[Record extracts Boundary: Start]

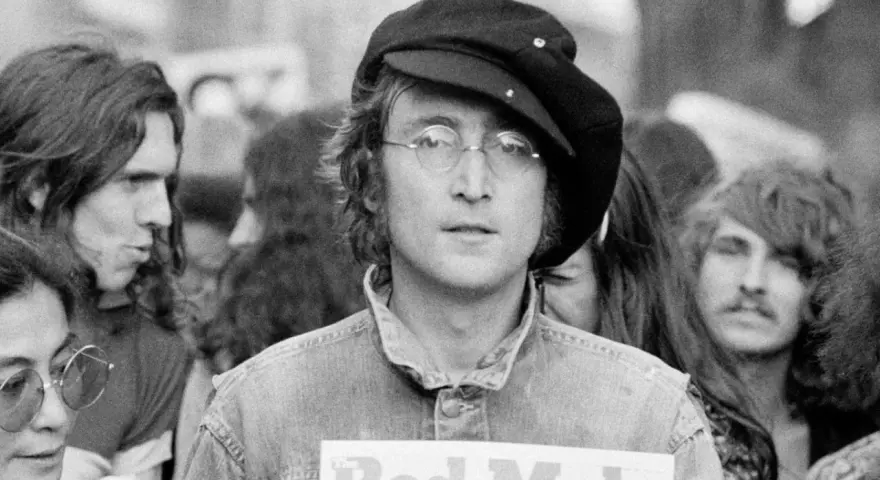 John Lennon w czapce i okularach, trzymający plakat "Red Mole". W tle inni ludzie, być może fani jego utworów.
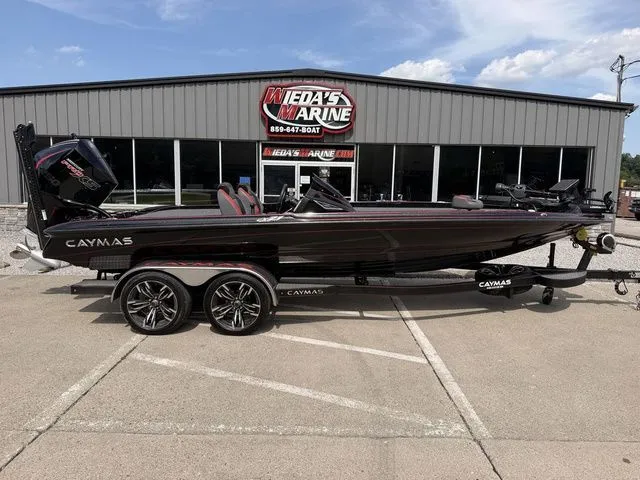 The Image of 2023 Caymas CX 21 PRO boat in front of dealership building. - 1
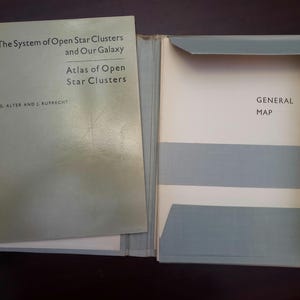 May include: An open book with a light green cover titled "The System of Open Star Clusters and Our Galaxy" and "Atlas of Open Star Clusters." The book is open to a page with the text "GENERAL MAP."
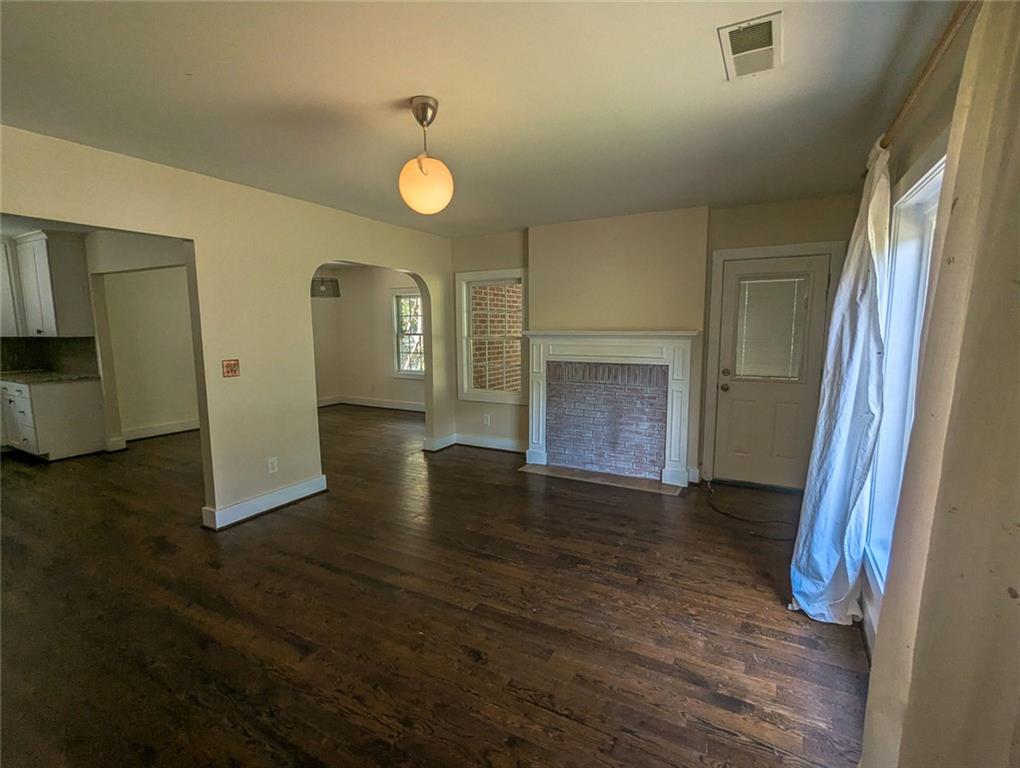 1261 Eastridge Road Southwest Atlanta, GA 30311 - Photo 9 of 36 an empty room with wooden floor and fireplace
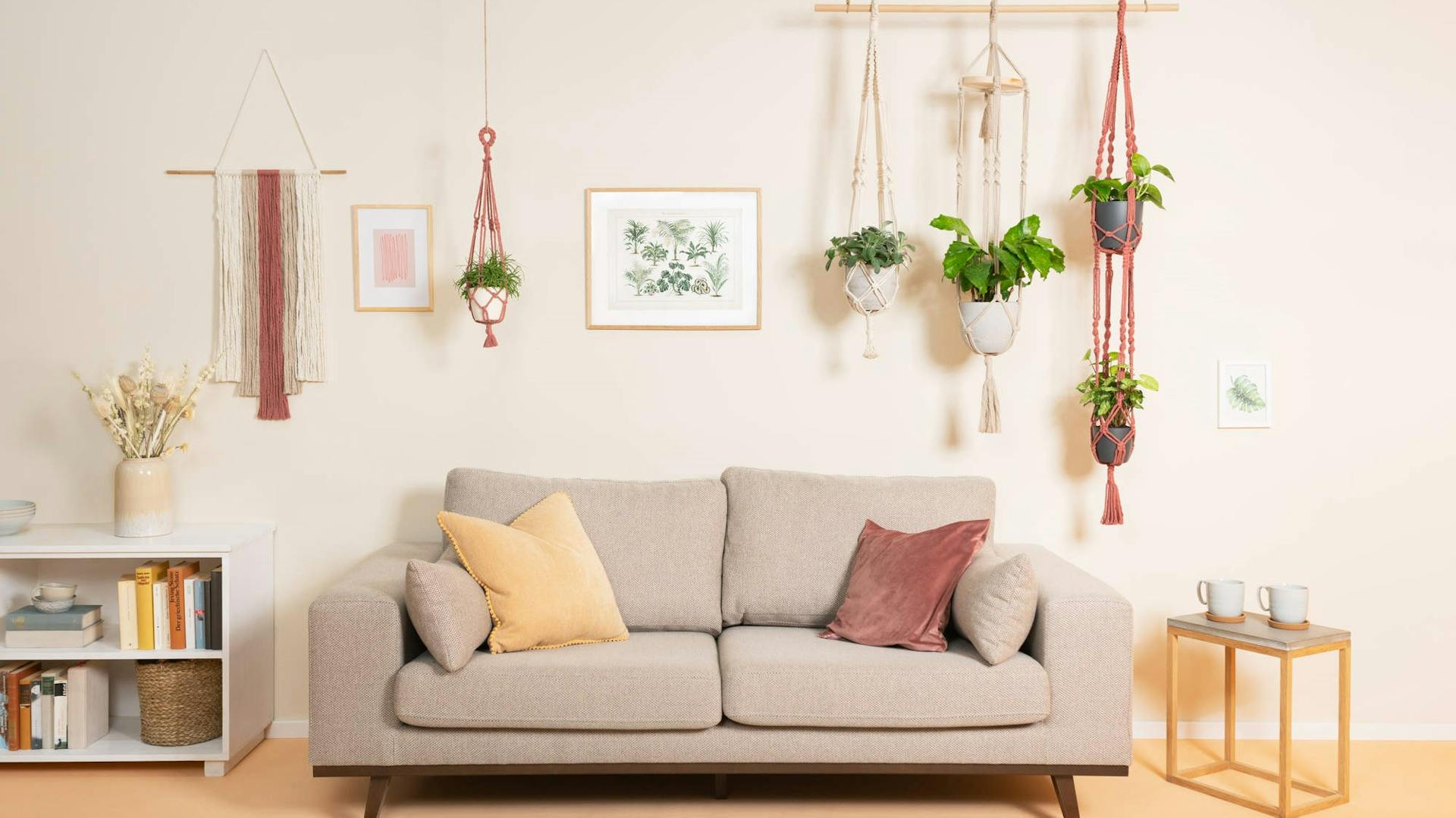 Sofa, Teppich und Blumendeko in Raum mit Wand in gemütlichem Naturton.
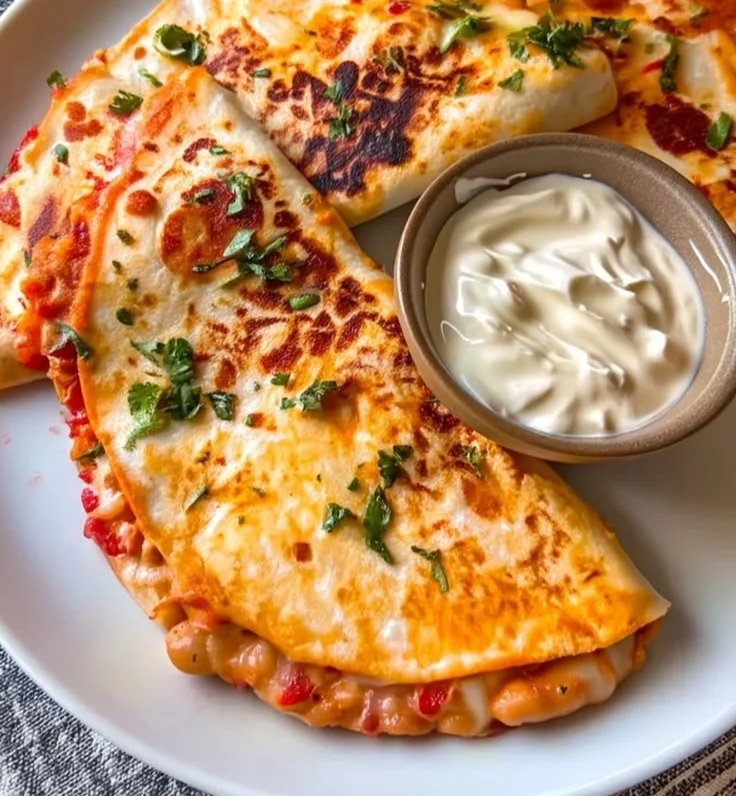 Buffalo white bean tacos topped with fresh ingredients on a wooden plate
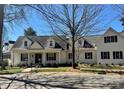 Lovely two-story white brick home with black shutters on a sunny day with a well-kept lawn at 357 Magnolia St, Davidson, NC 28036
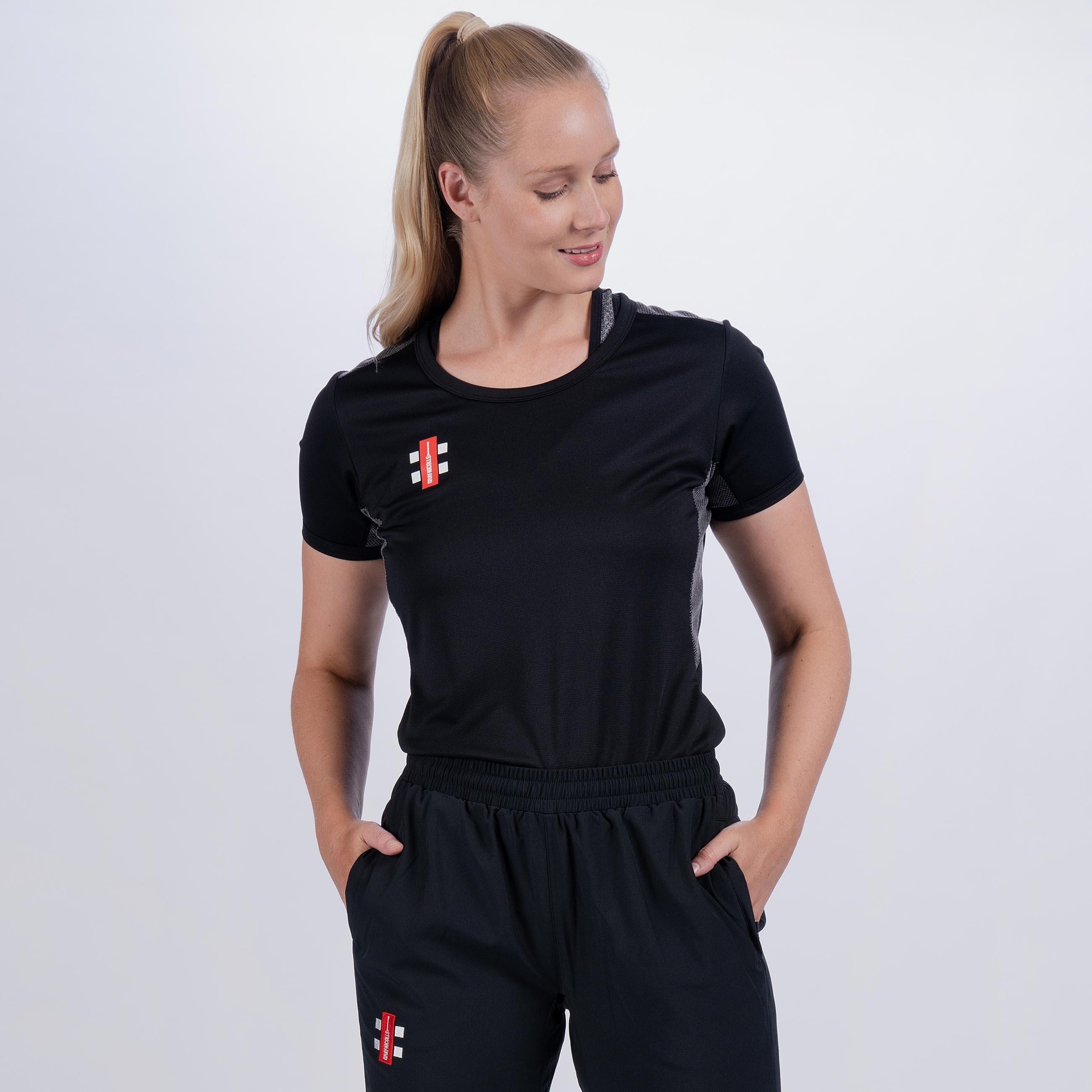 Black short sleeve women's t-shirt by Gray-Nicolls, featuring a round neckline, lightweight fabric, and a small logo on the chest, styled with matching black athletic pants.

[Record extracts Boundary: End]

What this task involves: The answer must be an exact copy of the lines from the one containing "1261 Eastridge Road" through the last line of the records, with no pictures included.

Result for this exercise:
 1261 Eastridge Road Southwest Atlanta, GA 30311 - Photo 9 of 36 an empty room with wooden floor and fireplace
 Sofa, Teppich und Blumendeko in Raum mit Wand in gemütlichem Naturton.
 Buffalo white bean tacos topped with fresh ingredients on a wooden plate
 Lovely two-story white brick home with black shutters on a sunny day with a well-kept lawn at 357 Magnolia St, Davidson, NC 28036
 Black short sleeve women's t-shirt by Gray-Nicolls, featuring a round neckline, lightweight fabric, and a small logo on the chest, styled with matching black athletic pants.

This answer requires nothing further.